Tthe Santa Clara, Calif.-based firm claims to have already managed to get its radio chips into most of China Mobile’s dozen OPhone models which launched on Aug. 31. That’s a big deal — China Mobile, the world’s largest wireless phone network operator, has about 700 million subscribers.
If the low-priced OPhone takes off, it could make the Android phone operating system a serious challenger to the iPhone in the smart phone business. While the iPhone has an expensive design, Google’s Android software is designed to give computer-like functions without adding a lot of costs. China Mobile designed its own user interface — which closely resembles the iPhone’s touchscreen interface — to sit on top of the Android software. It needed powerful but power-efficient hardware in order to make everything run without hiccups. The Marvell TD-SCDMA radio chip was critical because it could allow the phone to transmit or download a lot of data — something that is essential for apps-based smartphones that access a lot of web data.
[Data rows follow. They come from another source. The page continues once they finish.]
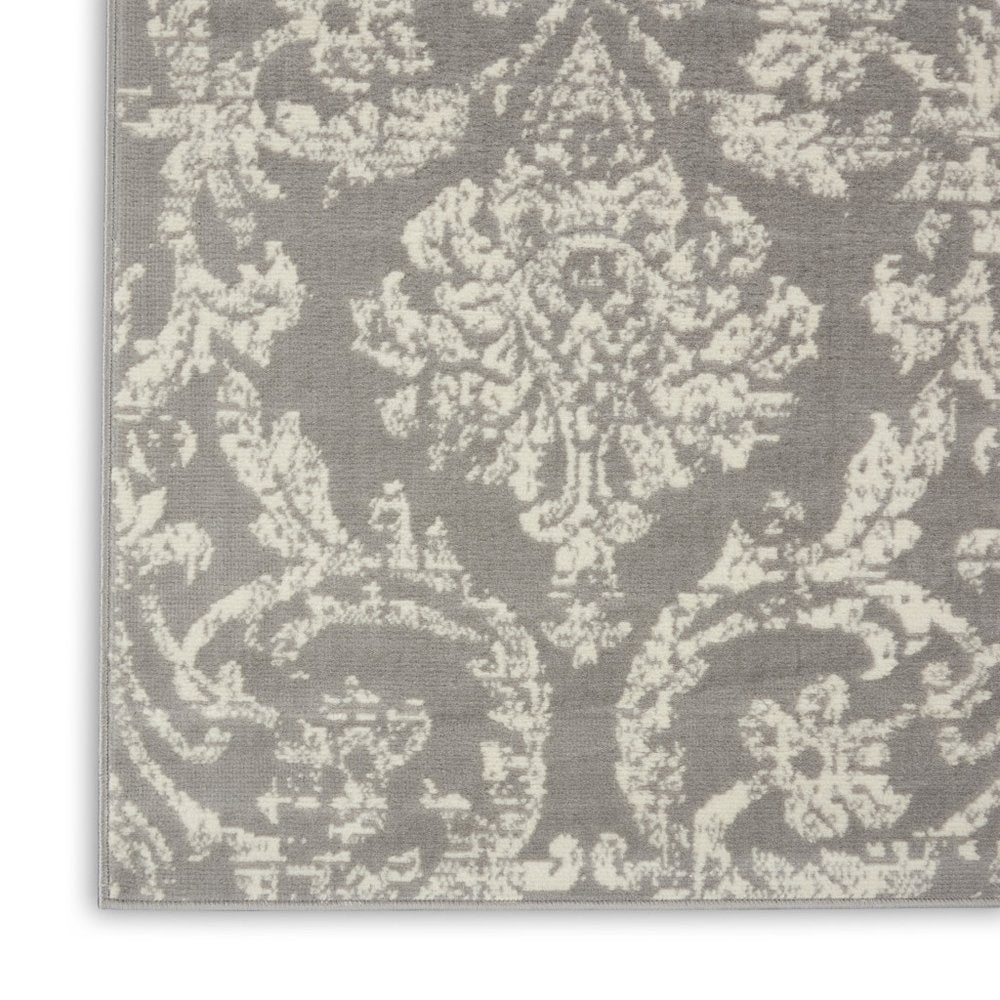 8' X 10' Gray Damask Power Loom Area Rug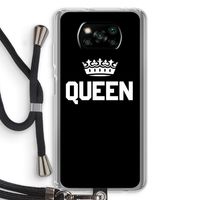 Queen zwart: Xiaomi Poco X3 NFC Transparant Hoesje met koord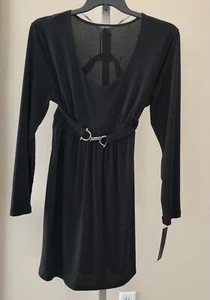 DAISY FUENTES SIZE XL LONG SLEEVE BLACK CREW NECK BELTED SILVER BUCKLE - Picture 1 of 9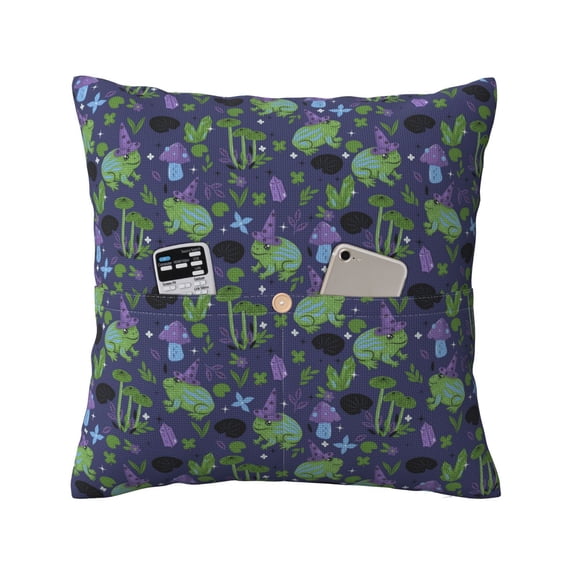 Bingfone Magic Toads in Hats Linen Throw Pillow Covers Cushion Case Pocket Button Vintage Farmhouse Pillowcase-18"x18"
Weili Dai, co-founder of Marvell and head of its consumer and computing business unit, said in an interview that Marvell developed its TD-SCDMA cell phone radio chips for two years, working closely with China Mobile in the process. It is the only company that can put the TD-SCDMA radio into a single chip. That will help bring the cost of smartphones to below $100 in the coming year.
“We were very committed as the only silicon solutions provider trying to do this,” said Dai, who was born in Shanghai and who now has a big development center with 700 employees in the city. “We believed in the long-term vision of China Mobile.”
Dai, who had been traveling in China for the past couple of weeks, said she was pleased with the Ophone launch. She said that her company relied on the Xscale business that it bought from Intel back in 2005 as the foundation for its new chips, which focused on the combination of high-performance and low-power in order to give the smart phones computer-like performance and long battery life. Intel’s Xscale processors represented a bold effort to diversify away from PC microprocessors, but Intel was hurting in 2005 from competition with its main competitor, Advanced Micro Devices. It didn’t have the stomach to take on the likes of Qualcomm at the same time. But Marvell did.
Since the OPhone is a home-grown solution, it may enjoy a hometown advantage over other phones in the market. Marvell isn’t making predictions about how many of its PXA920 chips it will sell in the new phones, as it is awaiting reports from China Mobile. But Marvell’s stock is trading near its 52-week high. Financially, Marvell got pummeled in the financial downturn of the past year and lost $111 million in its fiscal first quarter ended May 2. But sales bounced back in the second fiscal quarter ended Aug. 1 to $640 million, up 23 percent sequentially from the prior quarter. Profits recovered to $58.4 million.
So the sales from the China Mobile phones come at an important time in terms of helping Marvell with its turnaround. Dai also believes that other devices beyond smart phones will take off in the near future, from electronic book readers to “smartbooks” and other kinds of radio-connected web devices.
Marvell has previously sold networking chips into the Chinese market, but it is only just getting started with its cell phone radio chip sales in that market. Smartphones account for 16 percent of cell phone sales now, according to market researcher IDC. That could go up dramatically in the years ahead, with smartphone sales hitting 200 million units in 2010. There will be lots of competition in the chip market, with rivals including STMicroelectronics, Qualcomm and Nvidia. But Dai says, “The beauty is that the pie is huge.” And Marvell will get its fair slice.